Bu teze anti tez ülkeler (Örn; Çin) var olmasına karşın hep söylenen bu iddia akılcı ancak pratikte tamamen geçerli değil.
Zira para getiri arar, nerede bulursa oraya gider. Şu an Türkiye’de getiri yükseldi ve evet döviz girişi arttı.
Meseleyi yok efendim Türkiye yüzünü Batı’ya döndü, aday ülkelere NATO’ya giriş için vize verdi ondan böyle diyen bir kesim var; aman siz onlardan olmayın.
Zira tüm dünyada mesele; paranın getiri araması, başka bir şey değil. Bugün Ukrayna nedeniyle arası bozuk olan AB’nin bile şirketleri yasakları delip Rusya ile iş yapıyor, sebebi ne; para…
Aynı şekilde otomobil kıtlığı yoktur, esnaf dolandırıcı değildir, mesele parayı park edecek alanların yok edilmesidir yani paranın doğru fiyatlanmamasıdır. Paranın enflasyona karşı erimesi durursa reel piyasa kendiliğinden düzelir. Nitekim düzeldi.
Şunları ekleyelim; bir malda tekel veya oligopolleşme vardır o ayrı. Ancak iki ay evvel olmayan şey bir anda oluvermez. Nitekim bizde de sorun bu değildi.
Diğer konu, elbette daha iyi bir hukuk her zaman istenir ve zengin olunsa bile refah adalet ile sağlanır. Ama yabancı sermaye ülkede yaşayanların hukukuna değil kendi varlığının korunması konusundaki hukuka bakar!
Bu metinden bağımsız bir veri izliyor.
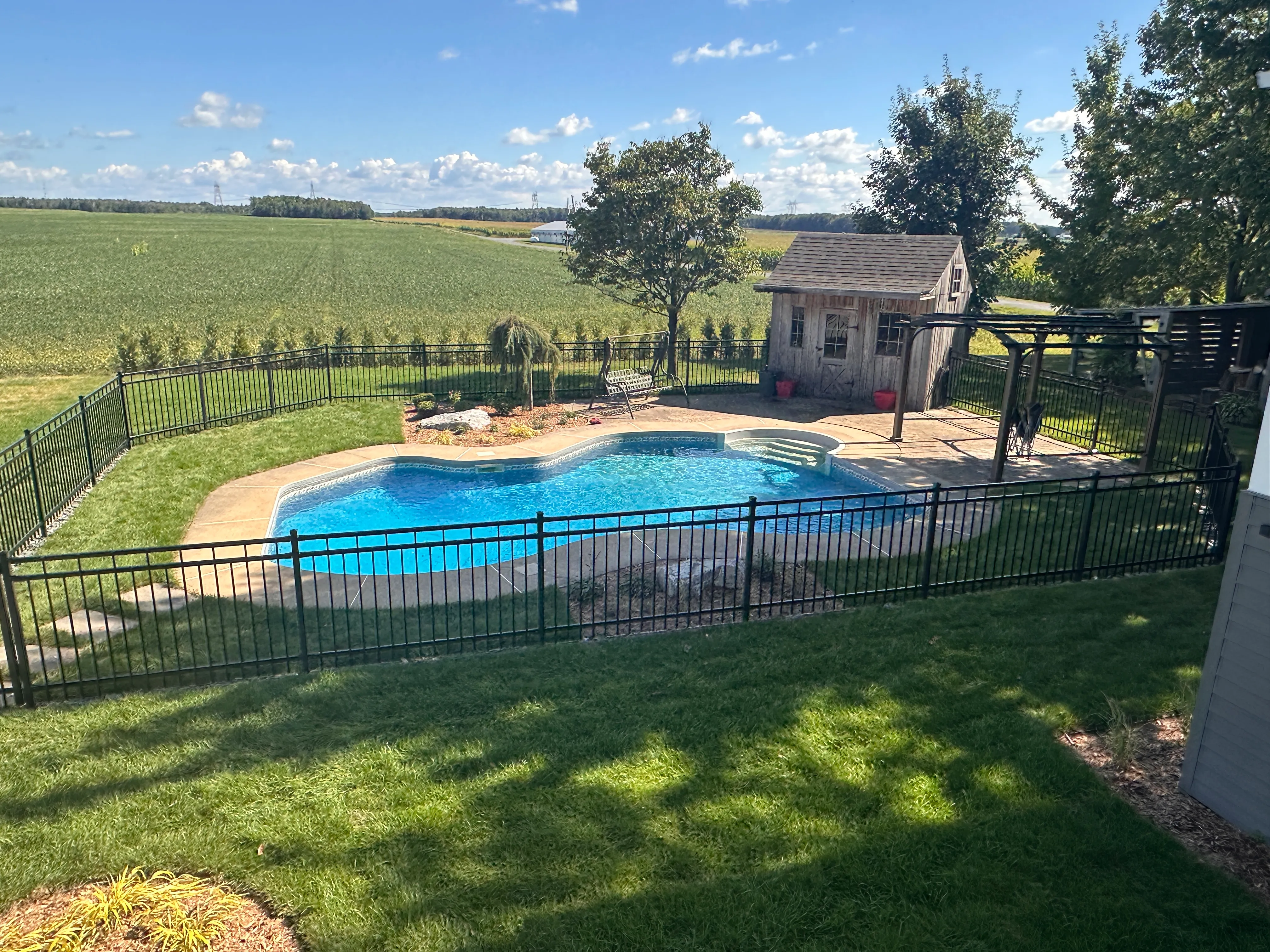 Clôture de piscine en verre à Candiac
Şimdi mesele şu; ifrat ile tefrit arasında gidip gelmeyelim. Mutedil akıl ile enflasyona münasip faizler ile yola devam edelim.
Mutedil akıl temel gerek…
Bundan şunu çıkarmayın sakın; faizler düşmeli. Benim demem şu ki, enflasyona negatif yön verecek, tüketimi dengeleyecek faiz oranını şu an değil her zaman yakalamamız gereğidir.
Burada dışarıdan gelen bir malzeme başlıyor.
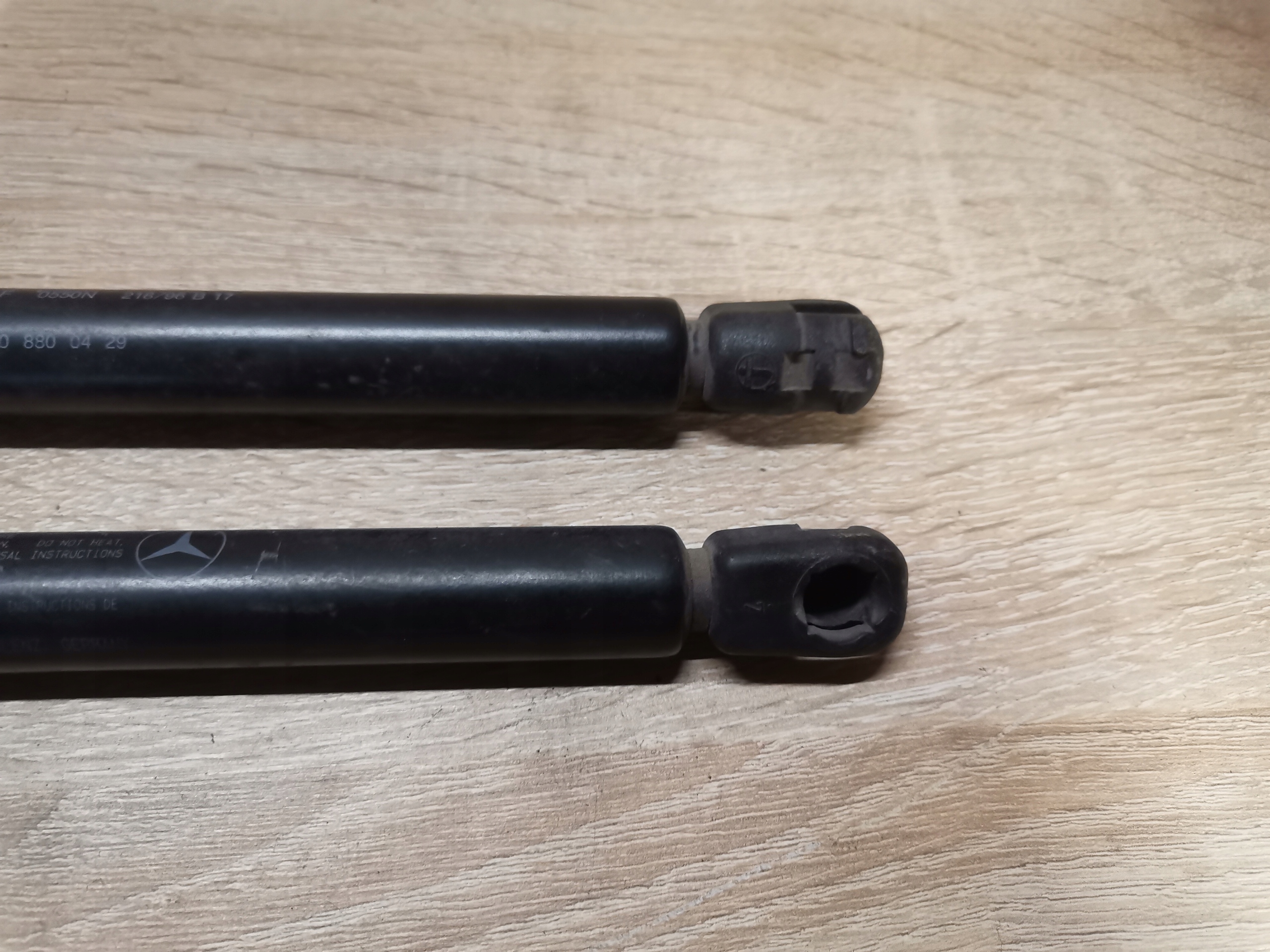 SILOWNIKI bonnets KOMPLET MERCEDES W210 A2108800429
Bir diğer konu, yakın zamanda ülkemizin gri listeden çıkışı gerçekleşirse pozitif bir süreç bu vesileyle gerçekleşecektir.
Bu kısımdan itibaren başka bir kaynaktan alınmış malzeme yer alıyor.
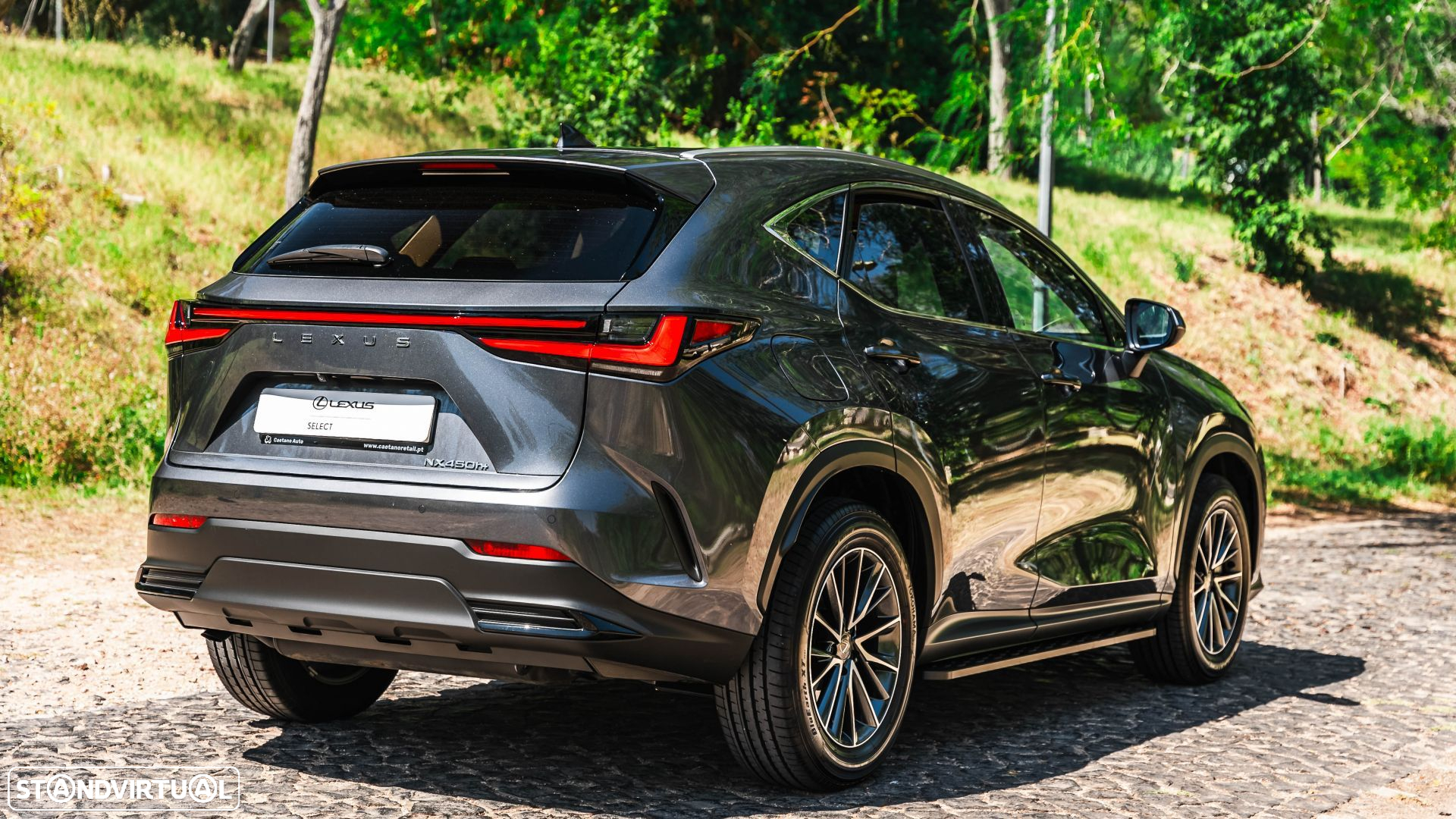 Lexus NX 450h+ Executive - 5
Gri listeden çıkmanın çok yönlü faydaları olacaktır, bu muhakkak. Zira ülkemizin adı sanı belli olmayan kara para aklama ülkeleri ile yan yana konması finansal yatırımcının ötesinde doğrudan yatırımcının algısını negatif etkileyecek unsurlar barındırmaktadır. Çünkü doğrudan yatırımlar finansal yatırımlar gibi likit değildir. Kısa vadeli perspektife bakıp gelmezler. Hele ki “Greenfield” denilen sıfırdan yatırımların adresi olmak istiyorsak gri listeden çıkmak önemli avantajları beraberinde getirecektir.